Market Commentary 2/14/14

This week was relatively quiet from an economic data standpoint.  Jobless claims numbers were released yesterday and were higher than expected at 339,000.  The consensus estimates called for a range of 325,000 to 336,000.  Also released yesterday were retail sales data, which showed that retail sales dropped 0.4% in January,  led by auto sales and “in person” stores such as furniture and restaurants.  Investors did not seem to read too much into either economic indicator yesterday, instead attributing these “misses” to adverse weather that plagued most of the country in January.  With winter storms continuing around the country this month, we could have another month that would otherwise appear “weak” from an economic standpoint.  Our thought is along the same lines as how the market reacted yesterday.  The U.S. is having a very harsh winter from a historical perspective.  It would not be surprising for retail sales to pick up and actually surpass expectations once the weather starts improving, as often times consumers simply delay purchases until the weather improves.

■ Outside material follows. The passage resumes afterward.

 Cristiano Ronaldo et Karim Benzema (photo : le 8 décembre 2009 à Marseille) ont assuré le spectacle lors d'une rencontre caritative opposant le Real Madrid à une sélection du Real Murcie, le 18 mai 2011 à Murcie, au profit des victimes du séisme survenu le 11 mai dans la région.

Looking ahead to next week, January housing start data will be released on Wednesday and a report on January’s existing home sales will be released on Friday.  It will be interesting to see if mother nature has an effect on whether or not the housing sector is showing additional signs of improvement. 

Several key multinational companies reported this week:

Procter & Gamble (PG) cut their sales and earnings forecasts due to weaker consumer spending in emerging markets and the impact that currency devaluations could have on earnings going forward.  They lowered anticipated earnings growth to 3 to 5 percent down from 5 to 7 percent.  The revised outlook created some rippling effects through the market as investors weighed similar concerns on multinational companies.

Pepsi (PEP) missed sales estimates as softer sales in beverages offset organic growth in their snack food segment.  Through continued international growth, share buybacks, and structured cost cutting they anticipate earnings growth of 7 percent in 2014.  The company also announced they were rejecting a proposal by activist investor Nelson Peltz to spin off the North American beverage business which has continued to underperform in recent quarters.

Deere (DE) reported stronger quarterly profits but tempered forecast figures citing various challenges ahead.  The company anticipates sales of equipment could fall 3 percent this year, but believes a recovering global economy will provide solid backdrop for growth in next few years.  The longer term outlook has expectations for a growing middle class around the globe resulting in higher agriculture demand through the next decade.  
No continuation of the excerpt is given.